Sister Maria Roeck and Sister Grace Jones made wonderful contributions to KenCrest's history and we celebrate them this Women's History Month. 

By Sydney Kerelo

We all appreciate remembrance days and months. They challenge us to be better informed, make us grateful to the people who got us this far, and often make us more determined to carry on their work. We just finished Black History Month, and now, Women’s History Month in March. KenCrest has some excellent contributions from women in our history.

Here are the stories of two women who helped shape who KenCrest is:

Sister Maria Roeck


Sister Maria Roeck

Sister Maria Roeck spent the 42 years of her life taking care of her partially disabled mother, and when she passed, Sister Maria applied to the Lutheran Deaconess Community. With a forceful and direct leadership, Sister Maria earned the respect of numerous doctors and was determined to help those who needed it most.

In 1905, as Tuberculosis—or the "White Plague"—spread rapidly throughout the Kensington, PA community, Sister Maria Roeck dedicated her time to helping those afflicted. She persevered, gathering donors and volunteers to meet the needs of the people who were ill and their families. As a robust and forceful woman, she “was strong enough to survive a man’s world and lead men who were themselves leaders in their own right,” according to “KenCrest: A Story of One Century, Two Missions, Three Pioneers.”

Sister Maria Roeck was one of the early pioneers in our region of the country and one of the earliest women to lead a nonprofit organization.
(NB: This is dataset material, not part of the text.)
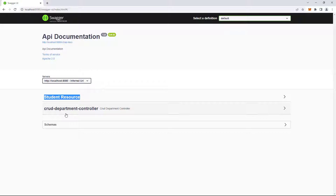If your APIs are secured with a token, you need to add some extra configuration to the Swagger config in order to add the token in the header when calling an API.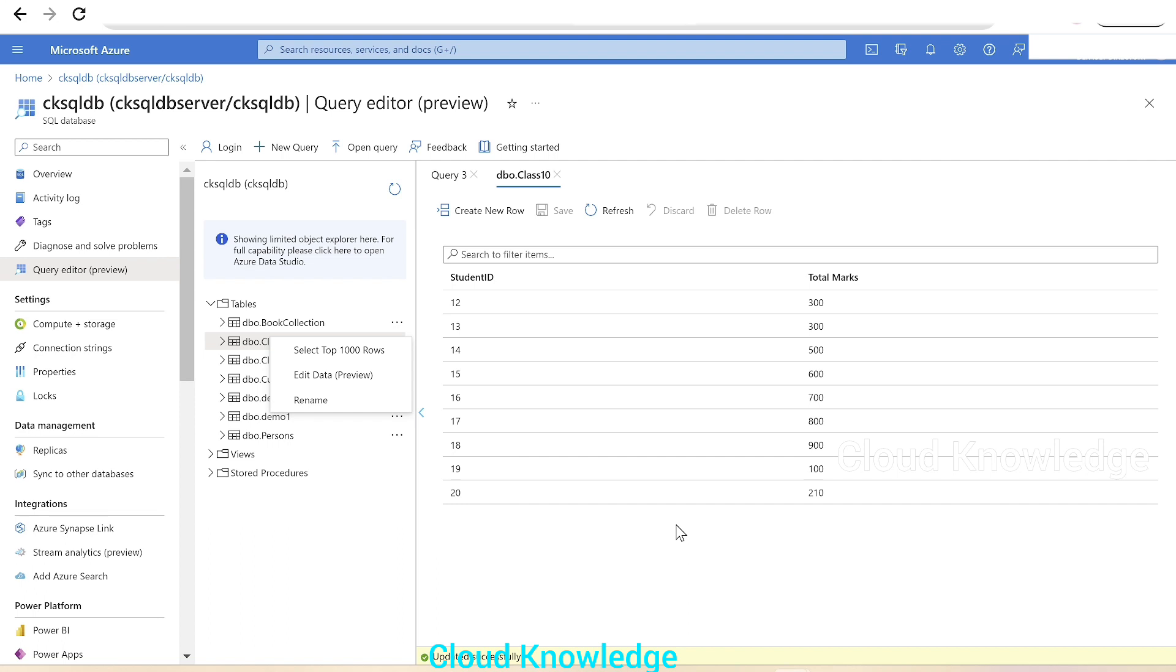I hope you've understood this new feature and will make use of it in the query editor of Azure SQL Database for different tables. Thank you for watching this video. Happy learning. Bye!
A woman leader 110 years ago was rare indeed!

Sister Grace Jones

Sister Grace knew that strengthening our community was not over when tuberculosis was cured, and she led us to a new purpose. Sister Grace spoke out as a new Deaconess-In-Charge, reminding the leaders of her time that education and support were an obligation, not an option.

Sister Grace Jones

Sister Grace Jones

It was customary for a person with disabilities to be placed within an institution like Pennhurst during this time. At the same time, children with disabilities raised at home couldn’t attend a public school. Along with many supporters, Sister Grace thought this was wrong and wanted to create normalization around people with disabilities and treat them like any average person.

As the third Deaconess, Sister Grace changed the mission of KenCrest from focusing on tuberculosis to helping those with developmental and intellectual disabilities. She firmly believed in family support and wanted to ensure that it met the needs of the family and the people supported.

Sister Grace pioneered our region of education and opportunity for people with special needs and helped KenCrest provide services to people in the 1950s. She improved a mission that endured 50 years and reshaped an organization that has lasted more than 70 years.

All women make someone’s history, whether they are someone who loved us and helped raise us or someone we served.

As the Agency navigates KenCrest’s history and the history of women’s leadership, we know that our work toward inclusion is not finished. While, as a society, we have passed laws regarding equal rights, we see evidence of injustice every day.

Our greatest goal is to lead the community forward by inspiring and challenging everyone to do what's plausible — ensuring full participation for people with disabilities in our society. Our part in that goal as KenCrest is to advocate for the inclusion of the people we support and help strengthen the neighborhoods where they reside.

What’s your greatest goal at KenCrest? What do you imagine will be needed to push forward on inclusion?